= Lincoln Park Gun Club =

The Lincoln Park Gun Club was a private (later public) gun club founded in 1912 by Oscar F. Mayer, W. C. Peacock, P. K. Wrigley, Sewell Avery, and other prominent Chicagoans. John Philip Sousa and his band performed at the clubhouse's dedication. The club was located in Chicago's Lincoln Park, near Diversey Harbor. The club was built and primarily operated for skeet shooting and trap shooting, with occasional waterfowl hunting. Its address was 2901 N. Lake Shore Drive.

In February 1991, then Illinois Attorney General Roland Burris sued the club for allegedly polluting the lake with lead shot. The lakefront had previously been dredged in 1947 to remove and gather the accumulated lead, with disputes taking place over who would benefit from its sale (500 tons of lead were recovered and lead was then selling for $300 a ton).
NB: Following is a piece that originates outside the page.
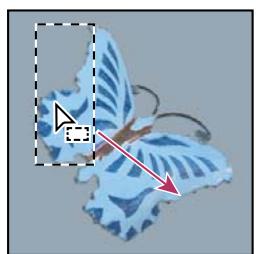 ADOBE PHOTOSHOP CS3 - Pour déplacer un cadre de sélection - 1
The Chicago Park District, who owned the land where the gun club operated, immediately shut down the club until it could prove its activities were safe and also insisted it pay to have the lakefront dredged. Members charged that the shutdown was not due to pollution, but because of anti-gun bias.

The gun club filed suit against the park district; however their suit was dismissed. The following summer, most of the club's buildings were demolished by the park district.

In 1995, Park District Superintendent Forrest Claypool planned to reorganize the parks as quasi-private affairs, with private companies providing services on the property. That year, the gun club's former clubhouse reopened as a community center. The city had paid $500,000 two years prior for an analysis of the soil and sand where the club had operated; however the study, performed by the Illinois Environmental Protection Agency, determined that there was no pollution present, and that although there was a significant amount of lead shot and clay pigeons resting on the lake's bottom, it posed no health risk to humans or aquatic life.